As determined as any of the artists of his day to paint the definitive representation of Niagara, Regis painted many views of the falls. According to Adamson, the artist’s Niagara, The Table Rock – Winter from 1847 was one of the earliest ambitious winter portrayals. The composition is a conventional view, which Regis individualises by presenting the falls in the depths of the frozen winter under dark, snow-laden clouds: “Few nineteenth century portrayals of Niagara match the Gothic horror of this gloomy, ice-girt depiction.”¹
Photographs of the falls in winter from the period and today suggest that this painting could be interpreted as a straightforward representation of a natural wonder as it appears in winter. (Interestingly, the falls actually froze over in March 1848, the year after Regis painted this work, and no water fell for as much as forty hours.)
However, given the falls’ growing status as a national icon, could it be that this painting, with its heavy sense of foreboding, alludes to the perilous state of the nation as it faced the prospect of the secession of the southern states, the division of the Union and Civil War? It has been suggested that the eagle (designated the national bird in 1784) flying through the mists towards the ice formations, is an allusion to nationalism – possibly to the concept of Manifest Destiny, the 19th-century belief that the expansion of the United States throughout the American continents was both justified and inevitable.
Art historians have also pointed out that the figure in the foreground carrying a staff and portfolio may be the artist himself. It seems that Regis intended to identify himself with the idea of landscape painting and perhaps also with the notion of the artist as commentator.
The painting is today in the United States Senate Collection. Colonel Charles Carroll of Maryland, the son of Charles Carroll of Carollton, the only Catholic to sign the Declaration of Independence, acquired Regis’ Niagara, The Table Rock – Winter, shortly after its execution. His widow left instructions that, upon her death, the painting should be donated to the US government. It now hangs in the United States Capitol, where Alan and I were fortunate to see it in the company of Melinda Smith, the Senate Collection Curator, in May 2017.
The Table Rock Today
The view depicted in the painting shows the Table Rock, a promontory that was popular as a viewing platform in his day, with the Horseshoe Falls in the background.

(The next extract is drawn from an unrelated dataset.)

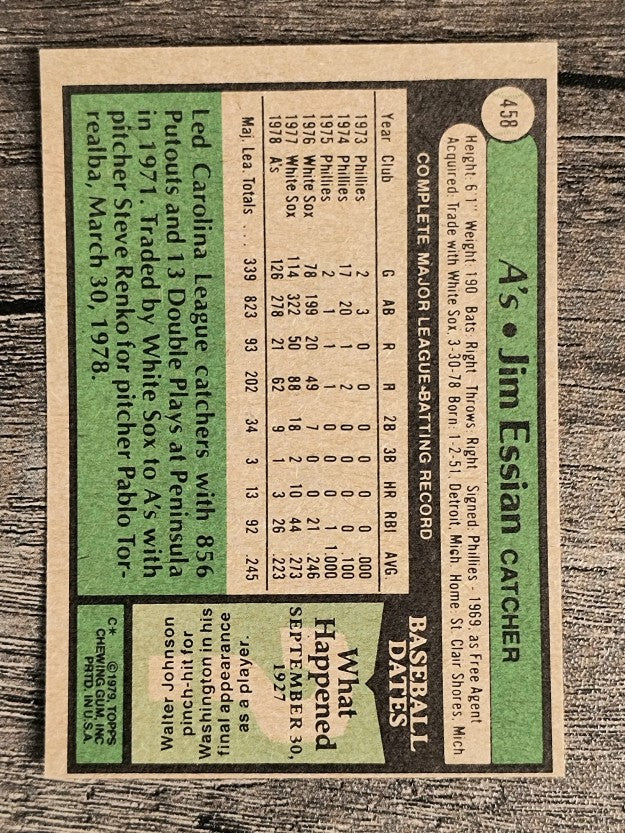 1979 Topps #458 Jim Essian (EXMT)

After centuries of continuous erosion the Table Rock, following a series of smaller rockfalls, collapsed on June 26th, 1850, taking a carriage with it (the driver survived).
Further rock falls occurred in subsequent years, and for safety reasons, the remaining rock was blasted in 1935. Today the Table Rock Welcome Centre commemorates the site of the old promontory. Inside the Welcome Centre visitors can take an elevator down 125 feet to a series of tunnels built in 1889 that lead behind the sheet of falling water.